* What you should do
The word to look for is "with". Report every line of the entries below that has it.

* Data shown
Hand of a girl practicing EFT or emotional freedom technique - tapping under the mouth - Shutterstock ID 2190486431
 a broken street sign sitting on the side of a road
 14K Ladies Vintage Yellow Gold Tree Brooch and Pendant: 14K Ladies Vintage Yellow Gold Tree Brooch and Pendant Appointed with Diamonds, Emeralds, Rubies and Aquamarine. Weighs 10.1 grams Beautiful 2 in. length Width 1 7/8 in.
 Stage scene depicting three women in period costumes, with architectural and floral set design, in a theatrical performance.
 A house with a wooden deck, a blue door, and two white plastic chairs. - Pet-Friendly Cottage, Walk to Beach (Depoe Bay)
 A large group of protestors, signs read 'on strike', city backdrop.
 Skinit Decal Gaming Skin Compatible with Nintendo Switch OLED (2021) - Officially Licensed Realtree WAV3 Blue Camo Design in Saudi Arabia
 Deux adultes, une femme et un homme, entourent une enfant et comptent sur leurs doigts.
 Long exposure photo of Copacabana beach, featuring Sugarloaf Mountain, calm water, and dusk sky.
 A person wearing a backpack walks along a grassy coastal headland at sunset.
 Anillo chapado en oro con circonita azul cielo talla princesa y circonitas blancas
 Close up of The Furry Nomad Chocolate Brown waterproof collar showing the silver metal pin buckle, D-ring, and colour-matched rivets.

* Task answer
 14K Ladies Vintage Yellow Gold Tree Brooch and Pendant: 14K Ladies Vintage Yellow Gold Tree Brooch and Pendant Appointed with Diamonds, Emeralds, Rubies and Aquamarine. Weighs 10.1 grams Beautiful 2 in. length Width 1 7/8 in.
 Stage scene depicting three women in period costumes, with architectural and floral set design, in a theatrical performance.
 A house with a wooden deck, a blue door, and two white plastic chairs. - Pet-Friendly Cottage, Walk to Beach (Depoe Bay)
 Skinit Decal Gaming Skin Compatible with Nintendo Switch OLED (2021) - Officially Licensed Realtree WAV3 Blue Camo Design in Saudi Arabia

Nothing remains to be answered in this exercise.